Direito Tributário

Incorporação societária e relação jurídica tributária continuada

Há o aproveitamento da coisa julgada à incorporadora?

Crédito: Pixabay

A incorporação societária gera diversas consequências nas questões tributárias que permeiam a vida fiscal das empresas incorporada e incorporadora. Muitas questões práticas afloram em processos de incorporação, eis que na relação contribuinte e fisco existem inquietações pertinentes a débitos e créditos tributários.

Uma questão que gera dúvida entre os gestores do processo de incorporação societária reside na possibilidade da empresa incorporadora se valer de decisão transitada em julgado, em favor da incorporada, em que se afasta o recolhimento de um crédito tributário de relação jurídica continuada. Por exemplo, uma decisão em que se afaste o recolhimento de IRPJ sobre crédito presumido de ICMS concedido pelo Estado mensalmente.

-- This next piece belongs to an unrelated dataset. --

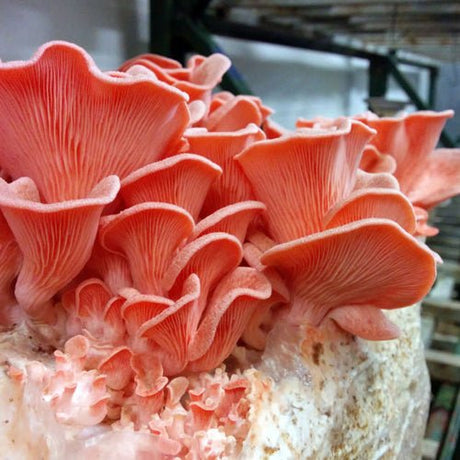 Pink oysters growing on straw bulk substrate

Nesse contexto, pergunta-se: quais os efeitos na empresa incorporadora da coisa julgada, proferida a favor da empresa incorporada, que afasta a incidência de tributo sujeito a relação jurídica continuada?

O mundo complexo da globalização e de economia em escala trouxe um incremento na demanda por processos de reestruturação societária, dentre essas modalidades merece destaque a incorporação. Trata-se de um processo de esforço conjunto entre duas ou mais sociedades em que seus patrimônios são somados para a busca de maior competitividade, lucratividade e domínio de mercado.

Nesta espécie de reestruturação societária, uma das empresas, denominada incorporadora, absorve uma ou mais empresas, designada(s) incorporada(s), e acaba por suceder esta(s) em todos os seus direitos e obrigações1. Em resumo, os patrimônios líquidos são somados e a empresa incorporadora e incorporada passa a ser uma só.

Segundo Ricardo Negrão, a incorporação é “o processo pelo qual uma ou mais sociedades são absorvidas por outra, que lhes sucede em direito e obrigação”.2

Em termos societários, a incorporação reclama a aprovação por todos os acionistas das empresas incorporadora e incorporada, assim como registro público dos atos societários.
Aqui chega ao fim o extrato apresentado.